### DATA EXTRACTS
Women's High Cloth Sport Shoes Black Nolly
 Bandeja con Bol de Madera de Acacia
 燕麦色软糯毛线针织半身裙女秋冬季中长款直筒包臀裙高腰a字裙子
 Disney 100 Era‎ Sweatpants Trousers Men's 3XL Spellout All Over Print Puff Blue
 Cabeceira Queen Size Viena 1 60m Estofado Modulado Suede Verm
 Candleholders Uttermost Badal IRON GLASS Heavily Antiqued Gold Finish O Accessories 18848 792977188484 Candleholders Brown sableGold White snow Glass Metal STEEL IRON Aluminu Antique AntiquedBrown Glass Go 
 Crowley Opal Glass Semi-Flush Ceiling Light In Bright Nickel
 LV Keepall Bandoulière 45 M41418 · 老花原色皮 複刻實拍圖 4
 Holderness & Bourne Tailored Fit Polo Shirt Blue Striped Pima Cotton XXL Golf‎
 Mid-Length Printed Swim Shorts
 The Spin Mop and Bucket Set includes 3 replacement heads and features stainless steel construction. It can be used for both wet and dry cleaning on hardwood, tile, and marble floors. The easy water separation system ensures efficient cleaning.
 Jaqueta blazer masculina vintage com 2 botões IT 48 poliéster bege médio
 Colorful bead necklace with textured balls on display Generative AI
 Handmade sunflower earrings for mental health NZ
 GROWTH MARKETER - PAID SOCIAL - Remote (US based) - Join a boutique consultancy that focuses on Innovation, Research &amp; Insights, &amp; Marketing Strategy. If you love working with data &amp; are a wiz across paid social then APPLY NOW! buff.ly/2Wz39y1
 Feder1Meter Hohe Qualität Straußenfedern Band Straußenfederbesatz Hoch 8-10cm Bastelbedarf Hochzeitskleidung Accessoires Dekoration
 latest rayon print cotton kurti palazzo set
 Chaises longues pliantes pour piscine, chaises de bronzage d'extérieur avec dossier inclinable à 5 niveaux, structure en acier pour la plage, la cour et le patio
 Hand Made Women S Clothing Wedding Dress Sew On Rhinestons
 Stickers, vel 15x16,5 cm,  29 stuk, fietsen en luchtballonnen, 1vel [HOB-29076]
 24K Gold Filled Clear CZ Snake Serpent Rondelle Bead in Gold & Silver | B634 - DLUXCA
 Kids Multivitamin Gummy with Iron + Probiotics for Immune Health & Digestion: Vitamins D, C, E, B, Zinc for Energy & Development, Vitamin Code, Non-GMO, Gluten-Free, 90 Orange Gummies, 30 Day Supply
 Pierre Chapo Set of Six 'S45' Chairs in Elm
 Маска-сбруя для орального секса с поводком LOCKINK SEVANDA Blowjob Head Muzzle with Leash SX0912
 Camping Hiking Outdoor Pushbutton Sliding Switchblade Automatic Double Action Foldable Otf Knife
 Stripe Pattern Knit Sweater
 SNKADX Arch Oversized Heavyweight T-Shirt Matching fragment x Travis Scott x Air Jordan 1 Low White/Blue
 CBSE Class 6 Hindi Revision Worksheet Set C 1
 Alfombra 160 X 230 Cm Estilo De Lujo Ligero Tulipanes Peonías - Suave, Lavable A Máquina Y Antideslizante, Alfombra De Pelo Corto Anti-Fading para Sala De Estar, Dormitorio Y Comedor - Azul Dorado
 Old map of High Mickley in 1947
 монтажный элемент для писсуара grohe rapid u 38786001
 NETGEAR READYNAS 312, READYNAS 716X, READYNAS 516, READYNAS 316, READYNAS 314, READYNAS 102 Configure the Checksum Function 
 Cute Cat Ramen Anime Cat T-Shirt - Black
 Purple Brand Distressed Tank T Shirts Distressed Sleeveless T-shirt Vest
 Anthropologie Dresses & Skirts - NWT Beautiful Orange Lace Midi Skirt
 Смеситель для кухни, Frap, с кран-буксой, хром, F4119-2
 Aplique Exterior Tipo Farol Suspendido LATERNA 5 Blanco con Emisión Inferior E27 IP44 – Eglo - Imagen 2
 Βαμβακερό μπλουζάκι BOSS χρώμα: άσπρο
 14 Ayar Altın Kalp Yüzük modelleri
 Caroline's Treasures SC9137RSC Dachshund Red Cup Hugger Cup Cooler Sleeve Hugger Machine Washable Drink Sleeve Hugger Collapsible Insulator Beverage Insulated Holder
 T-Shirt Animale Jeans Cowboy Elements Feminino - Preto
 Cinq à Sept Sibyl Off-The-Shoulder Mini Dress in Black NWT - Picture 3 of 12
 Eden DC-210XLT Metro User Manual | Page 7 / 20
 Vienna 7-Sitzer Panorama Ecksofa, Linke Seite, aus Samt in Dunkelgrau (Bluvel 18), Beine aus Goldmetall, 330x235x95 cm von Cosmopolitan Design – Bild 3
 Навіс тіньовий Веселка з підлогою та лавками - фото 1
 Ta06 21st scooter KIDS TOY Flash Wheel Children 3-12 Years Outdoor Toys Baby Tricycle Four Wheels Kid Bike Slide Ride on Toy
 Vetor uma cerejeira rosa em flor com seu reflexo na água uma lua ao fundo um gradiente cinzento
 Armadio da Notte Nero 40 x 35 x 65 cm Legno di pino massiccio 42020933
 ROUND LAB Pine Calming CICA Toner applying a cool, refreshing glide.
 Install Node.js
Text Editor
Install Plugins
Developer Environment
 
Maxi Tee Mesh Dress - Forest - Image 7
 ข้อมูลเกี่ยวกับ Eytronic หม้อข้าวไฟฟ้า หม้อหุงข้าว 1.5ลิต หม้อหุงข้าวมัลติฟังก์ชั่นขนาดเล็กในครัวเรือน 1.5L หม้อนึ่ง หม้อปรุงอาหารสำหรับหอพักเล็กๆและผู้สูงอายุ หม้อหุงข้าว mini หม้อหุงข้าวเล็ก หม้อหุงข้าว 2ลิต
######
▶ YOUR OBJECTIVE: Output the lines above exactly, but only those between the line holding "latest rayon print cotton kurti palazzo set" and the line holding "Βαμβακερό μπλουζάκι BOSS χρώμα: άσπρο", inclusive.

▶ WRITTEN SOLUTION:
 latest rayon print cotton kurti palazzo set
 Chaises longues pliantes pour piscine, chaises de bronzage d'extérieur avec dossier inclinable à 5 niveaux, structure en acier pour la plage, la cour et le patio
 Hand Made Women S Clothing Wedding Dress Sew On Rhinestons
 Stickers, vel 15x16,5 cm,  29 stuk, fietsen en luchtballonnen, 1vel [HOB-29076]
 24K Gold Filled Clear CZ Snake Serpent Rondelle Bead in Gold & Silver | B634 - DLUXCA
 Kids Multivitamin Gummy with Iron + Probiotics for Immune Health & Digestion: Vitamins D, C, E, B, Zinc for Energy & Development, Vitamin Code, Non-GMO, Gluten-Free, 90 Orange Gummies, 30 Day Supply
 Pierre Chapo Set of Six 'S45' Chairs in Elm
 Маска-сбруя для орального секса с поводком LOCKINK SEVANDA Blowjob Head Muzzle with Leash SX0912
 Camping Hiking Outdoor Pushbutton Sliding Switchblade Automatic Double Action Foldable Otf Knife
 Stripe Pattern Knit Sweater
 SNKADX Arch Oversized Heavyweight T-Shirt Matching fragment x Travis Scott x Air Jordan 1 Low White/Blue
 CBSE Class 6 Hindi Revision Worksheet Set C 1
 Alfombra 160 X 230 Cm Estilo De Lujo Ligero Tulipanes Peonías - Suave, Lavable A Máquina Y Antideslizante, Alfombra De Pelo Corto Anti-Fading para Sala De Estar, Dormitorio Y Comedor - Azul Dorado
 Old map of High Mickley in 1947
 монтажный элемент для писсуара grohe rapid u 38786001
 NETGEAR READYNAS 312, READYNAS 716X, READYNAS 516, READYNAS 316, READYNAS 314, READYNAS 102 Configure the Checksum Function 
 Cute Cat Ramen Anime Cat T-Shirt - Black
 Purple Brand Distressed Tank T Shirts Distressed Sleeveless T-shirt Vest
 Anthropologie Dresses & Skirts - NWT Beautiful Orange Lace Midi Skirt
 Смеситель для кухни, Frap, с кран-буксой, хром, F4119-2
 Aplique Exterior Tipo Farol Suspendido LATERNA 5 Blanco con Emisión Inferior E27 IP44 – Eglo - Imagen 2
 Βαμβακερό μπλουζάκι BOSS χρώμα: άσπρο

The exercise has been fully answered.